Sąd Apelacyjny, w zakresie rozliczeń pieniężnych przychylił się jednak do nieznajdującej obecnie poparcia, choćby w orzecznictwie SN tzw. teorii salda i stwierdził, że Klient nie może domagać się od banku zwrotu nienależnie przekazanych środków, w sytuacji, gdy nie zwrócił jeszcze bankowi nominalnie wypłaconej kwoty tytułem kredytu. Wobec tego, Sąd Apelacyjny oddalił żądanie o zapłatę i wzajemnie zniósł koszty procesu między stronami.
Dzisiejszy, prawomocny wynik, toczącego się od lipca 2017 r. procesu z bankiem, potwierdza słuszność decyzji o wniesieniu apelacji na rzecz Klienta od wyroku Sądu Okręgowego „odfrankawiającego” umowę kredytu. W przypadku bowiem zaskarżenia wyroku Sądu Okręgowego wyłącznie przez bank, Sąd Apelacyjny, stwierdziwszy niemożność „odfrankowienia”, w braku żądania przez Klienta zmiany wyroku poprzez ustalenie nieważności całej umowy, będąc związany takim żądaniem (jego brakiem), musiałby powództwo Klienta w całości oddalić. Dodatkowo, sztywne trzymanie się reguł odpowiedzialności stron za wynik procesu, w zakresie kosztów, mogłoby najpewniej sprawić, że w takim wyroku Klient zostałby w całości obciążony kosztami postępowania za obie instancje.
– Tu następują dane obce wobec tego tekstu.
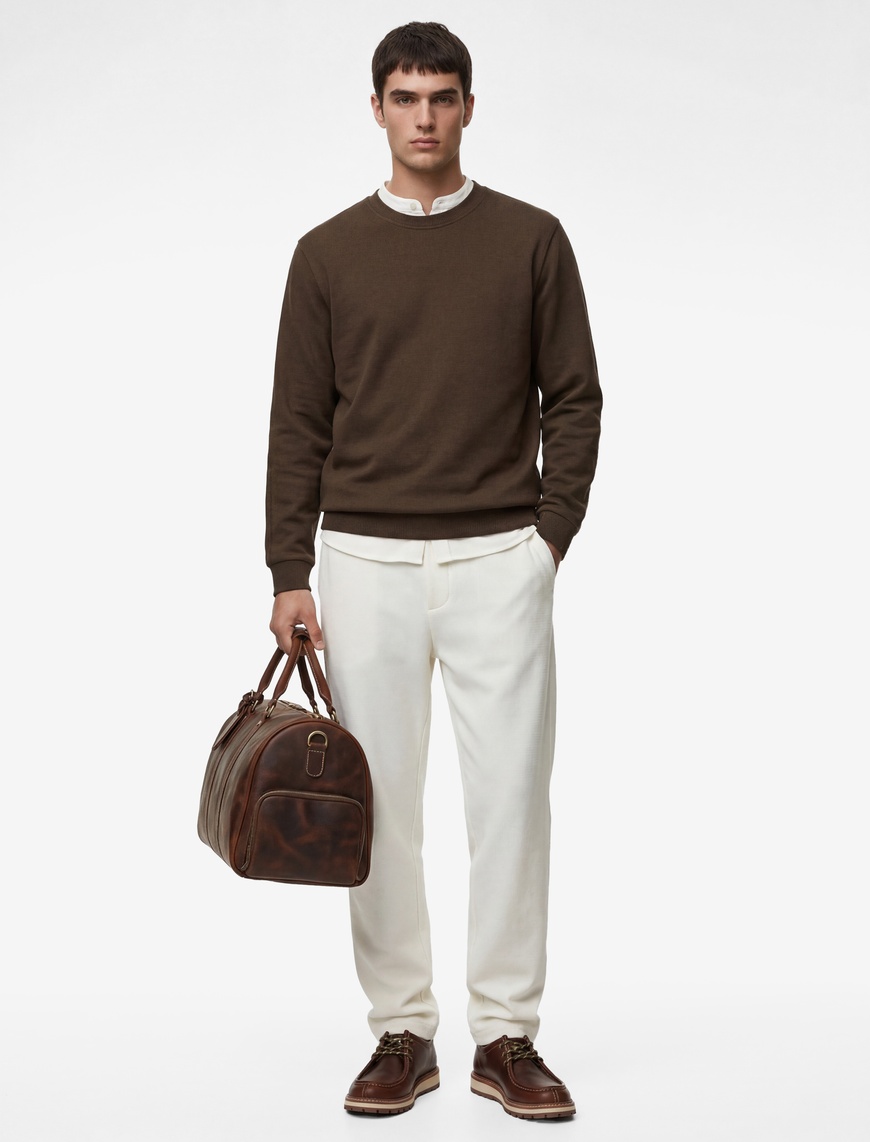 Koton Erkek Straight Fit Cepli Duble Paça Beli Bağcıklı Pantolon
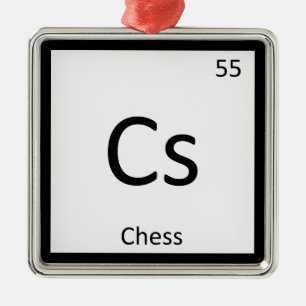 Ornement En Métal Cs - Chimie Du Jeu D'Échecs Symbole Périodique De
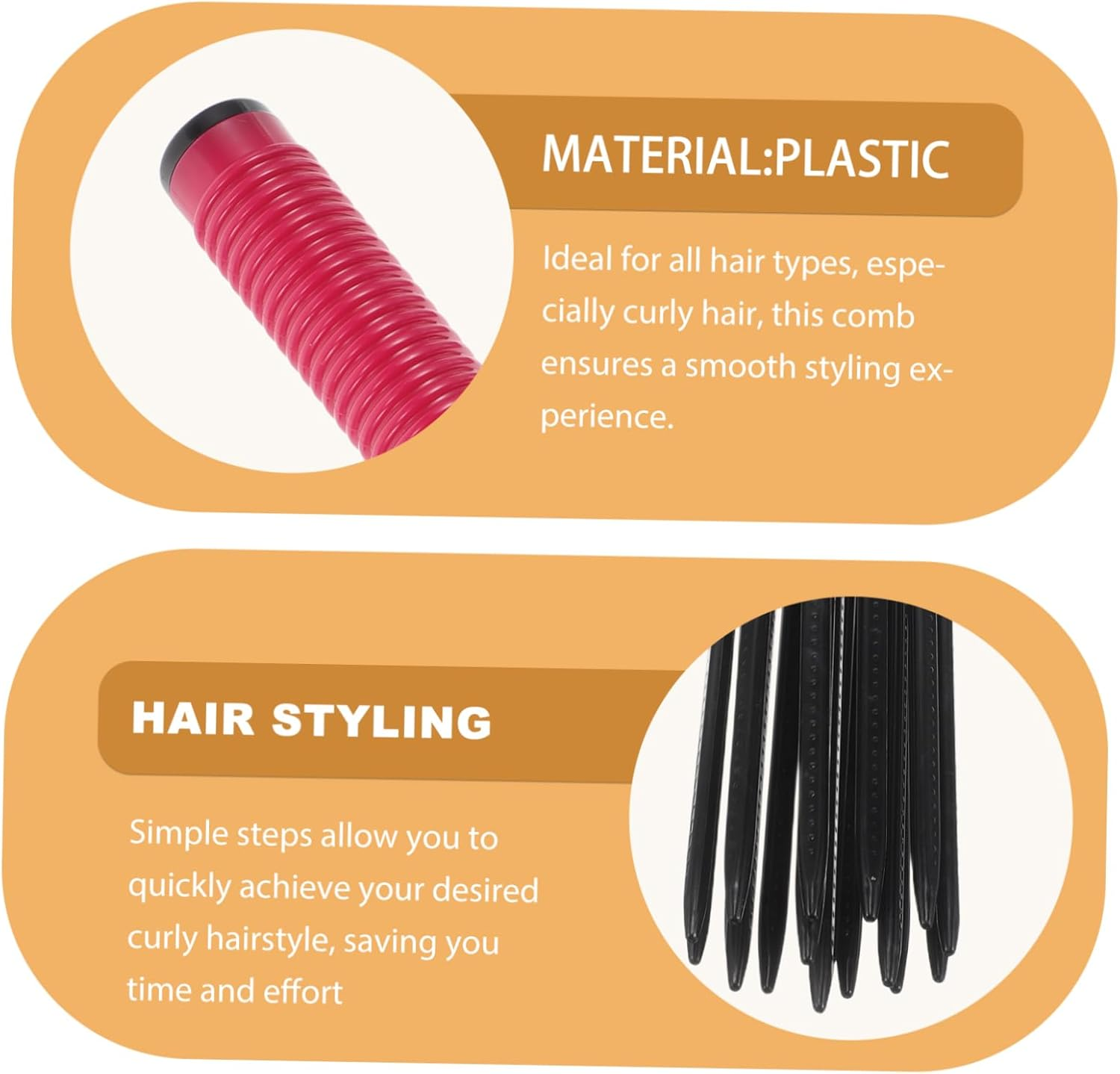 Gogogmee Bristle Hair Curler Comb Fluffy Curling Comb for Slip Styling round Brush for Curly Hair image number 5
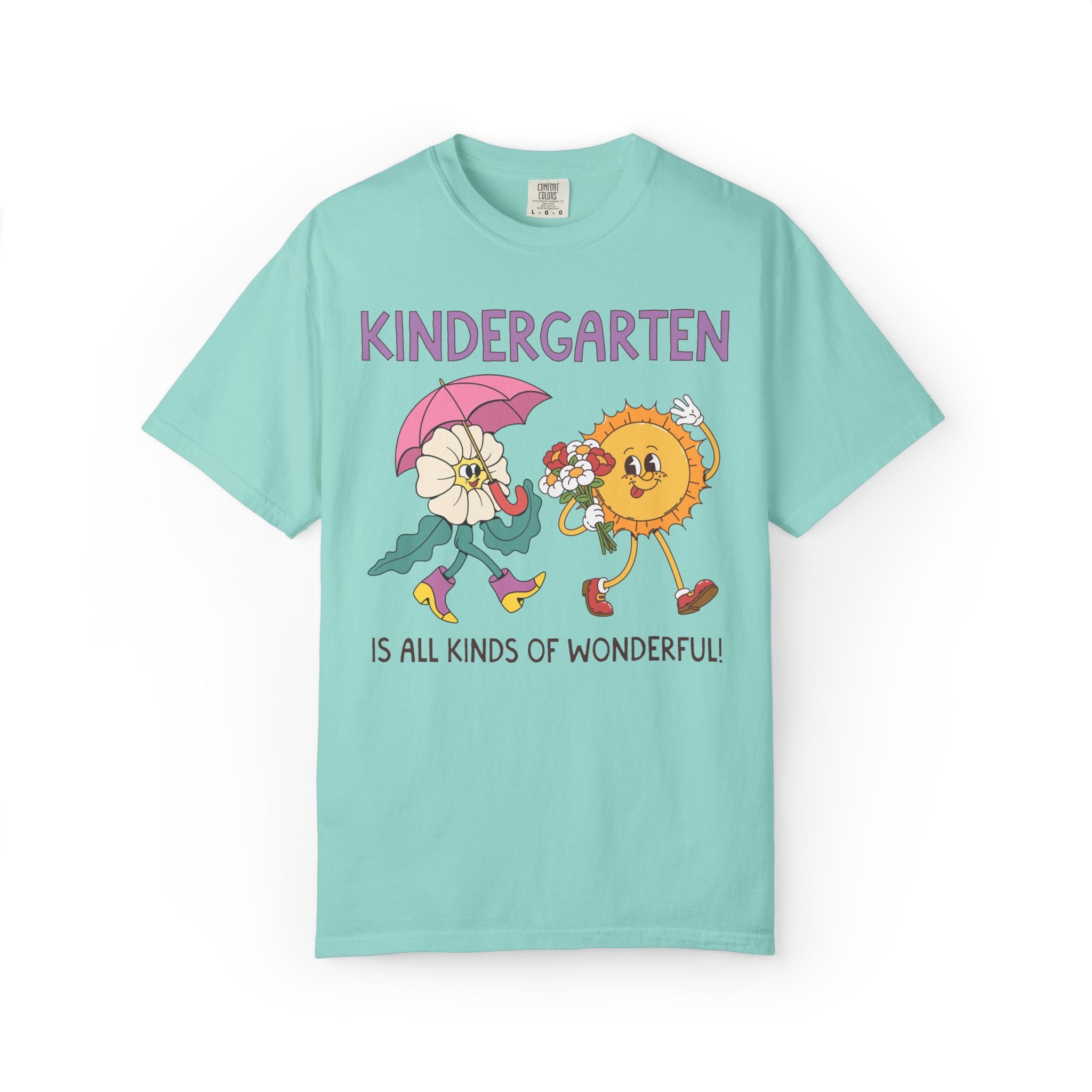 Kindergarten is All Kinds of Wonderful Teacher Team Tee Shirt for Back to School: Cute New School Year T-Shirt, First Year Teacher or Para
Tym samym częściowa wygrana w I instancji, w braku działania, przerodziłaby się w całościową przegraną.
Stoimy więc niezmiennie na stanowisku, że każde orzeczenie wymaga przeanalizowania pisemnego uzasadnienia sądu oraz przewidywania możliwych działań banku i sądu II instancji, nawet w sytuacji teoretycznie pozytywnego rozstrzygnięcia dla Klienta.
Orzeczenie w zakresie upadku umowy kredytu jest oczywiście satysfakcjonujące, jako osiągnięcie głównego celu podjęcia walki z nieuczciwością banku, w tym uzyskania tytułu do wykreślenia hipoteki obciążającej nieruchomość. Natomiast w zakresie pozostałym, po uzyskaniu pisemnego uzasadnienia, nastąpi ponowna analiza i rekomendacje co do zasadności zaskarżenia dzisiejszego wyroku w części odmawiającej dalszych świadczeń Klientowi.
Wyrok jest prawomocny.
Pozew został w niniejszej sprawie złożony w lipcu 2017 r.